▶ _Requirement_: Write the data out again exactly and in full.

*** The data Section Begins ***

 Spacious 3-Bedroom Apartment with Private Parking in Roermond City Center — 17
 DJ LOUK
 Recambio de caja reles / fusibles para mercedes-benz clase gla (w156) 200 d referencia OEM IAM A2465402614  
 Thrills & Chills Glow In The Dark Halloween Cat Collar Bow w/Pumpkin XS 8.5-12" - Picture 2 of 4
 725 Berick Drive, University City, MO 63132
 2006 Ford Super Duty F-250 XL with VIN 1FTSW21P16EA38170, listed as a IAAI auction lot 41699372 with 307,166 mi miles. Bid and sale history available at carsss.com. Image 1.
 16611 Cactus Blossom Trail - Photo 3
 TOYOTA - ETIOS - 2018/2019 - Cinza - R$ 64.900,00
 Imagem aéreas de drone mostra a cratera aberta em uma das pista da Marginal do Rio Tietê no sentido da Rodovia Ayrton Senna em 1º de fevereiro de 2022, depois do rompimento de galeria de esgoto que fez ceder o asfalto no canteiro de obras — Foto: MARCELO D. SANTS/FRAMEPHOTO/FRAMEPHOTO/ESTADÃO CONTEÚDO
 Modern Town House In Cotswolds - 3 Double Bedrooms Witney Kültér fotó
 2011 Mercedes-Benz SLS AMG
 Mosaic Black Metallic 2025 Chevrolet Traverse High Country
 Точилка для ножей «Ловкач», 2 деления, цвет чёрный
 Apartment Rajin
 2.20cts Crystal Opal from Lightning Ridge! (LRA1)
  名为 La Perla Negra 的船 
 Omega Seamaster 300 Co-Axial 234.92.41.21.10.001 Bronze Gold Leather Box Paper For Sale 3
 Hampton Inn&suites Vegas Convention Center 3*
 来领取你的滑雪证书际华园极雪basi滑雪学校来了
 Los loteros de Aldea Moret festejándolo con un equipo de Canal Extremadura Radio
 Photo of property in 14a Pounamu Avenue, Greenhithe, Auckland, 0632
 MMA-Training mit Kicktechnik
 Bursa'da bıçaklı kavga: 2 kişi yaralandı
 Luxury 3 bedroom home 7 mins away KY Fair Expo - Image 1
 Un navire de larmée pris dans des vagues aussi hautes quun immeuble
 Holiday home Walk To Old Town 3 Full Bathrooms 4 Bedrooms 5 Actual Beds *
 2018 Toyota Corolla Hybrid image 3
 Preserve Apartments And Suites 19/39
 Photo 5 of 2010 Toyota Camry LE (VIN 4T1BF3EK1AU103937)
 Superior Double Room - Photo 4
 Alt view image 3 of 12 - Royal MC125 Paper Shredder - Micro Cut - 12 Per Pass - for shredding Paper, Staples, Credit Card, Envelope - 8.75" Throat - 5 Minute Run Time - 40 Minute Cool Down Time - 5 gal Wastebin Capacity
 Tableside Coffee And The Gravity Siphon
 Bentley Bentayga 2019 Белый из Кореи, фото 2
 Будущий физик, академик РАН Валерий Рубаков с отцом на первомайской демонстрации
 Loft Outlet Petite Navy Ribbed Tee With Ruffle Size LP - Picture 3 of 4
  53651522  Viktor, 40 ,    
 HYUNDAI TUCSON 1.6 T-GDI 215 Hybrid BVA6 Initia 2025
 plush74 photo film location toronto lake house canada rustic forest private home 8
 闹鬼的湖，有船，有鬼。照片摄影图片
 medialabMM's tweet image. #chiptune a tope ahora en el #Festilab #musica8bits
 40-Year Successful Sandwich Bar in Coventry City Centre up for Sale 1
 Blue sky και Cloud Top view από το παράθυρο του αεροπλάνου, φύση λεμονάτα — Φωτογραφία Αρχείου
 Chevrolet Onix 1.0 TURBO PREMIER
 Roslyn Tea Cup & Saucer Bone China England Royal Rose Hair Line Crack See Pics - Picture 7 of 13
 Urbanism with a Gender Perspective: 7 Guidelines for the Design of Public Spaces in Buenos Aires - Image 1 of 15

*** The data Section Ends ***

▶ _Response box_:
 Spacious 3-Bedroom Apartment with Private Parking in Roermond City Center — 17
 DJ LOUK
 Recambio de caja reles / fusibles para mercedes-benz clase gla (w156) 200 d referencia OEM IAM A2465402614  
 Thrills & Chills Glow In The Dark Halloween Cat Collar Bow w/Pumpkin XS 8.5-12" - Picture 2 of 4
 725 Berick Drive, University City, MO 63132
 2006 Ford Super Duty F-250 XL with VIN 1FTSW21P16EA38170, listed as a IAAI auction lot 41699372 with 307,166 mi miles. Bid and sale history available at carsss.com. Image 1.
 16611 Cactus Blossom Trail - Photo 3
 TOYOTA - ETIOS - 2018/2019 - Cinza - R$ 64.900,00
 Imagem aéreas de drone mostra a cratera aberta em uma das pista da Marginal do Rio Tietê no sentido da Rodovia Ayrton Senna em 1º de fevereiro de 2022, depois do rompimento de galeria de esgoto que fez ceder o asfalto no canteiro de obras — Foto: MARCELO D. SANTS/FRAMEPHOTO/FRAMEPHOTO/ESTADÃO CONTEÚDO
 Modern Town House In Cotswolds - 3 Double Bedrooms Witney Kültér fotó
 2011 Mercedes-Benz SLS AMG
 Mosaic Black Metallic 2025 Chevrolet Traverse High Country
 Точилка для ножей «Ловкач», 2 деления, цвет чёрный
 Apartment Rajin
 2.20cts Crystal Opal from Lightning Ridge! (LRA1)
  名为 La Perla Negra 的船 
 Omega Seamaster 300 Co-Axial 234.92.41.21.10.001 Bronze Gold Leather Box Paper For Sale 3
 Hampton Inn&suites Vegas Convention Center 3*
 来领取你的滑雪证书际华园极雪basi滑雪学校来了
 Los loteros de Aldea Moret festejándolo con un equipo de Canal Extremadura Radio
 Photo of property in 14a Pounamu Avenue, Greenhithe, Auckland, 0632
 MMA-Training mit Kicktechnik
 Bursa'da bıçaklı kavga: 2 kişi yaralandı
 Luxury 3 bedroom home 7 mins away KY Fair Expo - Image 1
 Un navire de larmée pris dans des vagues aussi hautes quun immeuble
 Holiday home Walk To Old Town 3 Full Bathrooms 4 Bedrooms 5 Actual Beds *
 2018 Toyota Corolla Hybrid image 3
 Preserve Apartments And Suites 19/39
 Photo 5 of 2010 Toyota Camry LE (VIN 4T1BF3EK1AU103937)
 Superior Double Room - Photo 4
 Alt view image 3 of 12 - Royal MC125 Paper Shredder - Micro Cut - 12 Per Pass - for shredding Paper, Staples, Credit Card, Envelope - 8.75" Throat - 5 Minute Run Time - 40 Minute Cool Down Time - 5 gal Wastebin Capacity
 Tableside Coffee And The Gravity Siphon
 Bentley Bentayga 2019 Белый из Кореи, фото 2
 Будущий физик, академик РАН Валерий Рубаков с отцом на первомайской демонстрации
 Loft Outlet Petite Navy Ribbed Tee With Ruffle Size LP - Picture 3 of 4
  53651522  Viktor, 40 ,    
 HYUNDAI TUCSON 1.6 T-GDI 215 Hybrid BVA6 Initia 2025
 plush74 photo film location toronto lake house canada rustic forest private home 8
 闹鬼的湖，有船，有鬼。照片摄影图片
 medialabMM's tweet image. #chiptune a tope ahora en el #Festilab #musica8bits
 40-Year Successful Sandwich Bar in Coventry City Centre up for Sale 1
 Blue sky και Cloud Top view από το παράθυρο του αεροπλάνου, φύση λεμονάτα — Φωτογραφία Αρχείου
 Chevrolet Onix 1.0 TURBO PREMIER
 Roslyn Tea Cup & Saucer Bone China England Royal Rose Hair Line Crack See Pics - Picture 7 of 13
 Urbanism with a Gender Perspective: 7 Guidelines for the Design of Public Spaces in Buenos Aires - Image 1 of 15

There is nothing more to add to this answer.